The catch: ISOs can only be held by the employee who earned them. Transferring an ISO to anyone else — including a spouse in a divorce — automatically disqualifies it, converting it into a non-qualified stock option (NQSO). The preferential tax treatment is permanently lost.
This means the non-employee spouse cannot simply receive ISOs. The choices are to offset the ISO value against other assets (keeping the ISOs with the employee spouse), to exercise the ISOs before the divorce (converting them to shares that can be divided), or to accept that the non-employee spouse's share will be based on the after-disqualification value as NQSOs. All three approaches have different tax consequences that need to be modeled before a decision is made.
Who Pays Tax When Equity Is Divided?
The tax rules for equity division in divorce are counterintuitive and specific. Getting them wrong can result in one spouse owing a tax bill for income the other spouse receives.

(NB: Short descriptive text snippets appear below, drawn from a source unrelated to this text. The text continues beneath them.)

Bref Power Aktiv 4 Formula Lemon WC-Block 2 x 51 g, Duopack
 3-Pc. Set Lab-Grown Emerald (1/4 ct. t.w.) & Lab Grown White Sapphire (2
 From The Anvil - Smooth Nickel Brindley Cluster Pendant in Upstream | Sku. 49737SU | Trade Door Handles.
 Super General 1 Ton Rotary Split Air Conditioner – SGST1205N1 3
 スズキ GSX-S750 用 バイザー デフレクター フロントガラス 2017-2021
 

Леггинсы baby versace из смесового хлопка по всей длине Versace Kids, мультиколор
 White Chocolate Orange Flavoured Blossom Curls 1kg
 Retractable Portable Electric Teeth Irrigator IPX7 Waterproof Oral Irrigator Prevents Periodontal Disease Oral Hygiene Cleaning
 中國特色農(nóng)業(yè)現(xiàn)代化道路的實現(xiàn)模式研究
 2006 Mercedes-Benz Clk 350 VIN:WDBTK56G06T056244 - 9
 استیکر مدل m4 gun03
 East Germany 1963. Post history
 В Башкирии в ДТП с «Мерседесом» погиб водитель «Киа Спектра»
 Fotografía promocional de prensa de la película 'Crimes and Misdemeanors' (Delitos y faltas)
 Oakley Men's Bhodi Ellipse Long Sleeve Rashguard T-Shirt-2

NQSOs: the non-employee spouse pays on exercise
Under IRS Revenue Ruling 2002-22, transferring NQSOs to a non-employee spouse incident to divorce is not a taxable event for the employee spouse — consistent with the general IRC § 1041 rule for property transfers in divorce. But when the non-employee spouse later exercises those options, they — not the employee spouse — recognize ordinary income equal to the spread between the strike price and the fair market value on the exercise date. The non-employee spouse is also responsible for FICA taxes on that amount, as if they had been the one who performed the services.
This matters in two ways. First, the employee spouse needs to understand they won't owe income tax on the non-employee spouse's exercise. Second, the non-employee spouse needs to understand they will owe ordinary income tax — potentially at a high rate — when they exercise, and should plan for it accordingly.
RSUs: withholding happens at vesting
When RSUs vest, the company withholds shares (or cash) to cover the employee's income tax liability. This withholding happens at the employee spouse's tax rate. If the settlement uses an "if and when" approach and the non-employee spouse is entitled to a percentage of vested RSUs, the question of how that withholding is handled must be explicitly addressed in the settlement. The non-employee spouse often receives their share of the after-tax, after-withholding proceeds — meaning they get fewer shares than the gross percentage would suggest. Some settlements negotiate for a gross-share split with each spouse bearing their own tax consequences.
ISOs: no ordinary income tax at exercise (unless AMT applies)
For ISOs that remain with the employee spouse (not transferred), the employee owes no regular income tax when they exercise — only when they sell the shares. However, the spread at exercise is an Alternative Minimum Tax (AMT) preference item, which can create a significant AMT liability in the exercise year. This is a planning consideration for the employee spouse that can affect the net value of the ISOs.
Private Company Stock: An Additional Layer of Complexity
Everything above assumes a publicly traded company where shares have a real-time market price. For employees at private startups and pre-IPO companies, the picture is harder. Private shares have no liquid market, so valuation requires either a 409A valuation (the company's own internal assessment) or an independent appraisal. The value can be highly uncertain, and in many cases the shares cannot be sold or transferred without the company's consent.
For unvested private company grants, many attorneys default to the "if and when" approach — deferring division until a liquidity event (IPO, acquisition, or secondary sale) makes the value real and transferable. The settlement needs to specify what counts as a liquidity event, what percentage the non-employee spouse receives, and what happens if the company fails and the grants become worthless.